The Liberty County Board of Commissioners on Tuesday decided that it will propose a new Special Purpose Local Option Sales Tax referendum to citizens this year.
Though no formal action was taken, the commissioners “agreed to proceed with steps necessary to have (SPLOST) considered by voters in November,” according to County Administrator Joey Brown.
The commission also heard from Hinesville Downtown Development Authority Executive Director Michelle Ricketson, who formally requested the reallocation of SPLOST V funds that were earmarked for improvements at Bryant Commons.
Originally, the roughly $3,900 were designated to help fund the installation of sidewalks throughout the park, which is set to officially open to the public March 7.
With the failure of last November’s SPLOST VI referendum, however, funding for the grid of sidewalks that the Bryant Commons master plan calls for — which could cost upward of $500,000 — is not readily available, and Ricketson said that the funds left from SPLOST V would be better spent on the nearly-completed restroom facilities.
“By using (the funds) toward the restrooms, the public will be able to benefit from them much more quickly,” Ricketson said.
At the start of Tuesday’s meeting, commission Chairman Donald Lovette made a statement to clarify what he thought was a “misleading” article that appeared in the Dec. 28 edition of the Coastal Courier.
The article detailed a single-vehicle accident that caused damage to the exterior wall of the historic Liberty County jail. Lovette said he was “surprised” to read the article, which quoted him extensively in regard to plans to repair the damage.
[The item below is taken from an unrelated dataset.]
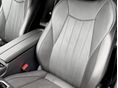 SKODA SUPERB 2024/6 - 8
Lovette noted that all restoration plans and insurance claims will be handled by the HDDA and the city of Hinesville. He said that he does serve on the HDDA’s board and coordinates Savannah Technical College’s preservation efforts, but that was his “only tie-in.”
“The county has no ownership of the jail,” he said.
In other business, the commission:
•heard a first reading of the proposed amendments to the Riceboro Subarea Future Land Use Map, as presented by Liberty Consolidated Planning Commission Executive Director Jeff Ricketson.
•unanimously approved a “type B” home-occupation request submitted by Joseph Cook, who wants to open a taxidermy business at his South Coastal Highway residence. Cook said he deals predominantly with trophy fish, and his services will be available by appointment only.
•unanimously approved a conditional-use request, filed by Margaret Lopez, to operate a bed-and-breakfast at her River Drive residence. The request was approved on the condition “to specifically exclude any venues for special events,” according to the LCPC’s documents.
•unanimously approved a conditional-use request by Sandco Towers II LLC to construct and operate a 195-foot cell tower and wireless-telecommunications facility off of Willie Dixon Road. According to LCPC documentation, the tower is designed to accommodate four service providers.